|Wells, K - REVIVICOR, INC, VA|
|Kerr, D - UNIV OF VERMONT|
|Pursel, V - USDA, ARS, ANRI, BGL|
Submitted to: Biology of Reproduction
Publication Type: Peer Reviewed Journal
Publication Acceptance Date: March 3, 2004
Publication Date: July 1, 2004
Citation: Powell, A.M., Talbot, N.C., Wells, K.D., Kerr, D.E., Pursel, V.G., Wall, R.J. 2004. Cell donor influences success of producing cattle by somatic cell nuclear transfer. Biology of Reproduction. 71(1):210-6. Interpretive Summary: To try to identify some of the parameters that limit the success rate of bovine somatic cell nuclear transfer (cloning), nuclear donor fibroblasts from 6 Jersey fetuses we culture under a number of different conditions. The resulting healthy cloned embryos were transferred to foster mothers. Varying the kind of culture media, amount of serum in the media, or the amount of oxygen to which the donor cells were exposed had an influence on the proportion of embryos that reached the blastocyst stage of development. But the best condition differed depending on the fetus from which the cells came. There we not enough embryo transfers performed to detect a difference in the various culture conditions on pregnancy rate or calves born. However, it was clear that the fetuses from which the donor cell was harvested made a difference in the overall success rate of nuclear transfer. All of the 8 live calves came from 2 of the 6 fetuses tested. The pregnancy rate of cows receiving embryos produced by those 2 'good' fetuses was twice as high as pregnancy rates of the other recipients and may be a useful parameter for distinguishing between 'good' and 'bad' donor fetuses.
Technical Abstract: To assess sources of variation in nuclear transfer efficiency, bovine fetal fibroblasts (BFF), harvested from 6 Jersey fetuses were cultured under various conditions. After transfection, frozen-thawed lung or biceps femoris muscle BFF donor cells were selected in MEM or DMEM media, with 5 or 20% O2 or 0.5 or 10% serum and fused to enucleated oocytes. Couplets were activated with ionomycin and 6-dimethylaminopurine. Of 4007 fused couplets generated, 80% fused yielding 927 (23%) blastocysts of which 650 were transferred to 330 recipients. Fusion rate was not influence by any parameter, source fetus influenced proportion couplets developing to blastocysts (P = 0.004) and often interacted with other parameters tested. Overall, 30 d non-return rate was 51%, but 82% of pregnancies were lost by 8 weeks.
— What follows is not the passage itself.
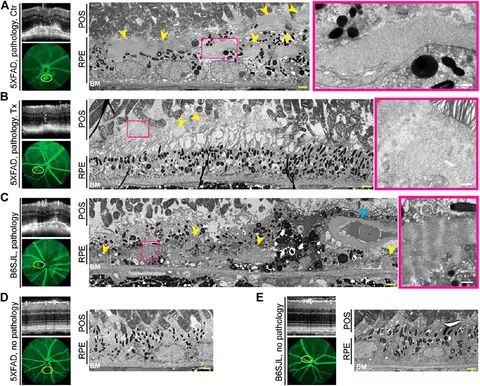 Diallyl Disulfide Induces Chemosensitization to Sorafenib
Cells from 2 of the 6 fetuses produced embryos that maintained pregnancies to term, resulting in 8 live calves. Pregnancy rates of recipients carrying embryo from the 2 productive donor fetuses, on day 56, was at least double that of other recipients and may provide a fitness indicator of BFF cell sources for nuclear transfer. We conclude that a significant component in determining the success of somatic cell nuclear transfer success is the source of the nuclear donor cells.